Of the 10 Commandments these three are the most recognizable or quotable.  Why, you might ask?  Simple – there are immediate consequences, established by the law of the governing body overseeing your community.  If you murder, you go to jail; If you commit adultery, you end up in divorce court; if you steal, you go to jail.  So, because mankind has place punishment and consequence behind these commandments, but not the others are they more important?

We look at the other 7 commandments and cannot trace to an immediate consequence or legal limitation to our lives.  Yet, I propose that they hold equally as much importance as these three because all 10 impact your eternal life.  What is it in mankind then that would incorporate these 3 into our legal system and not the others?  Did early governing bodies believe that they came up with the laws against murder, adultery and stealing on their own?  Is there somehow a belief that these laws did not stem from the recorded scriptures from Exodus?

Imagine a society where these were not the law.  What value does a life have?  What value does love or marriage or a family have?  What stops me from taking whatever I want from whomever I want?  You can see how these specifically address how we must interact with others around us, and establishes the universality of righteousness.  If one were to abandon these 3 commandments as if they never existed, one would have the self-centered freedom to take the life of another whenever they felt the need.  Life would be centered around the individual and whatever makes them happy, rather than the goodness of the body of mankind.  Can you imagine a society of selfish, arrogant and lawless existence? 

In that society, by what power and authority does one governing body have over another to say that it is unlawful to kill someone, or to steal or to rape or commit adultery.  If there is no absolute truth and righteousness, no single authority over all things, than we are free to each determine what is right or wrong based on our own choices.  Who assigns authority of one over another?  I walk down the street in this fictitious world and choose of my own volition that I don’t like someone so I take their life, without remorse, consequence or guilt.  It’s simply my choice to reign in authority over them at any given moment.  But, in that society, the opposite is also true and someone could take my life just as easily.  Without a single ultimate authority, chaos ensues.

The hierarchy of authority must have a single highest end point.  That end point is God Almighty, and the laws He established have lasted throughout all time, as the backbone of our moral character, our hope, and our guiding principles for right and wrong.  Governments are put in place to uphold what has been deemed as righteous, but they were not the originators of the code.  If you can accept these 3 as morally and ethically just and righteous, why do we struggle with the other 7?  The 10 Commandments are all of equal importance and significance, when you accept that they are directly spoken from God, the Creator and ultimate Truth in life.  Just because you see the immediate consequence of these 3 and not the others, does not minimize the importance in following God’s word.

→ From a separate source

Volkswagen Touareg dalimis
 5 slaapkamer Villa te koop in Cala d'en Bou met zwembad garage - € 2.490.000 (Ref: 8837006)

11.      Have no other God
22.      Do not make or worship idols
33.      Do not take the Lord’s name in vain
44.      Keep the Sabbath holy
55.      Honor your Father and Mother
66.      Do not murder
77.      Do not commit adultery
88.      Do not steal
99.      Do not lie or give false testimony
110.  Do not covet your neighbors possessions or wife

Keep them all, and live by His word, for He is our ultimate authority and knows what righteousness is.  Mankind does not.